PROMPT: The listing that follows must be retyped exactly, without its pictures.

GIVEN MATERIAL:

--- START ---

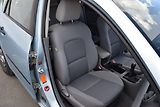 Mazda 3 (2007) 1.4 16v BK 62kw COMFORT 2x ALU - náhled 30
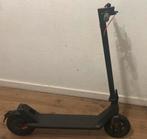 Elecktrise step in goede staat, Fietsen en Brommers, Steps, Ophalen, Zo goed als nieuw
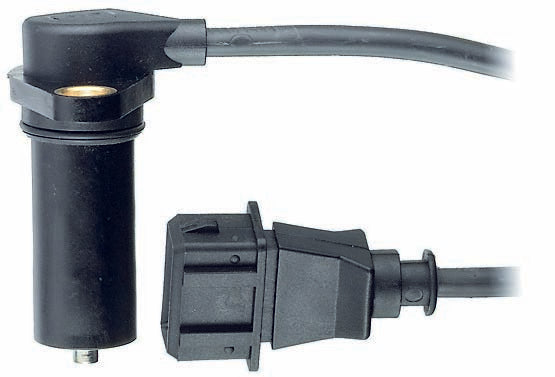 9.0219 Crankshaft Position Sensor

--- END ---

WRITTEN RESPONSE:
 Mazda 3 (2007) 1.4 16v BK 62kw COMFORT 2x ALU - náhled 30
 Elecktrise step in goede staat, Fietsen en Brommers, Steps, Ophalen, Zo goed als nieuw
 9.0219 Crankshaft Position Sensor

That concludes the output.